- **Exercise**: Could you repeat every entry below word for word, leaving out the pictures?

- **Data for this task**:
+-------+
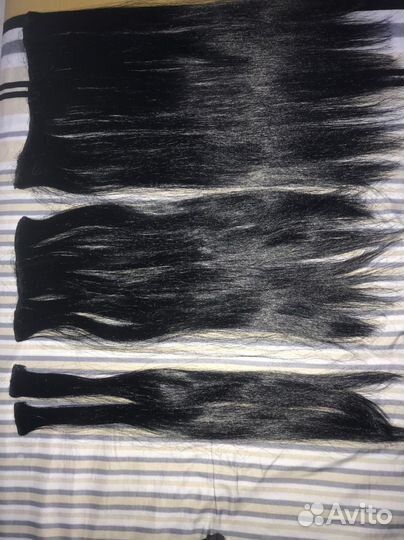 Волосы натуральные на заколках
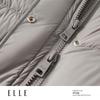 ELLE Women's Mid-length Hooded Duck Down Jacket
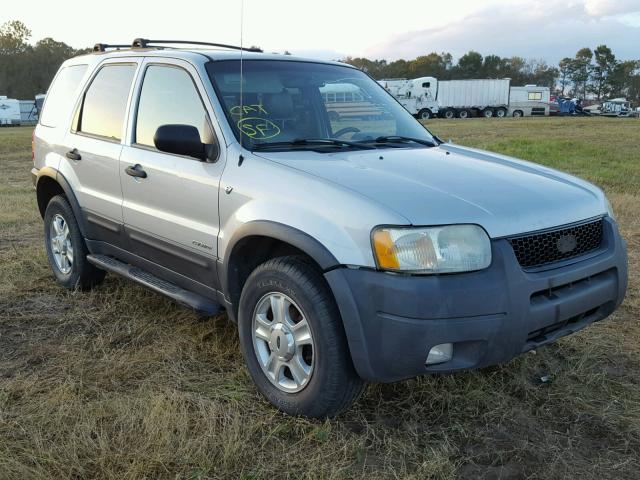 1FMYU03142KD42730 - 2002 FORD ESCAPE XLT SILVER photo 1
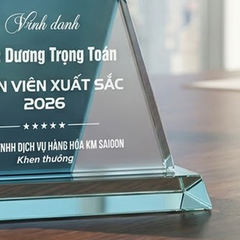 Kỷ niệm chương làm quà tặng vinh danh nhân viên xuất sắc của năm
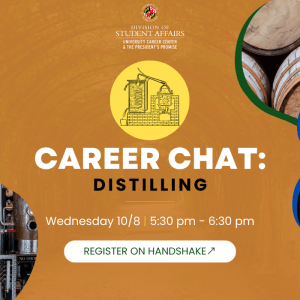 Images of a distillery, whiskey bottle and barrels are in the background.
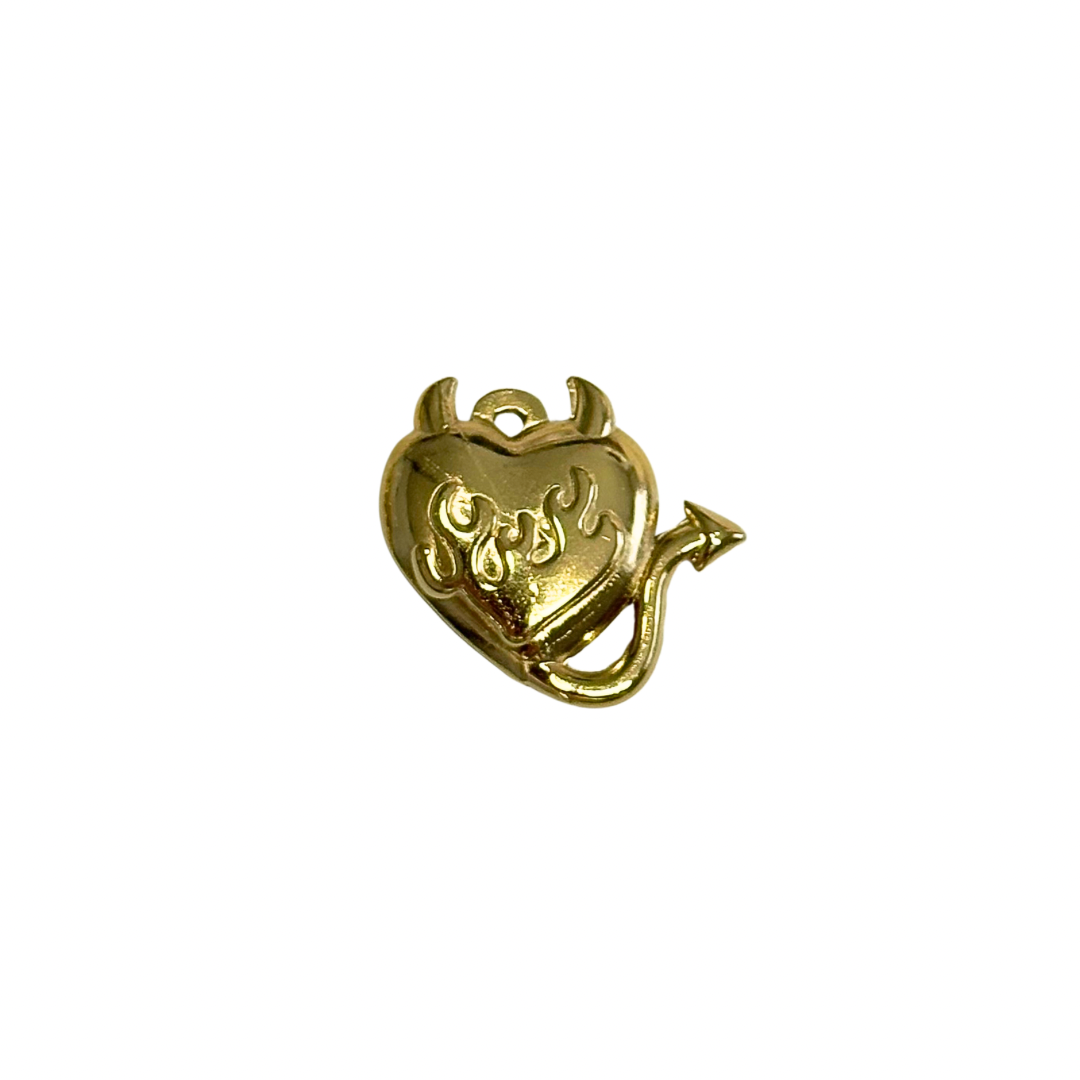 Gold Devilishly Cute Charm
+-------+
- **Response**:
 Волосы натуральные на заколках
 ELLE Women's Mid-length Hooded Duck Down Jacket
 1FMYU03142KD42730 - 2002 FORD ESCAPE XLT SILVER photo 1
 Kỷ niệm chương làm quà tặng vinh danh nhân viên xuất sắc của năm
 Images of a distillery, whiskey bottle and barrels are in the background.
 Gold Devilishly Cute Charm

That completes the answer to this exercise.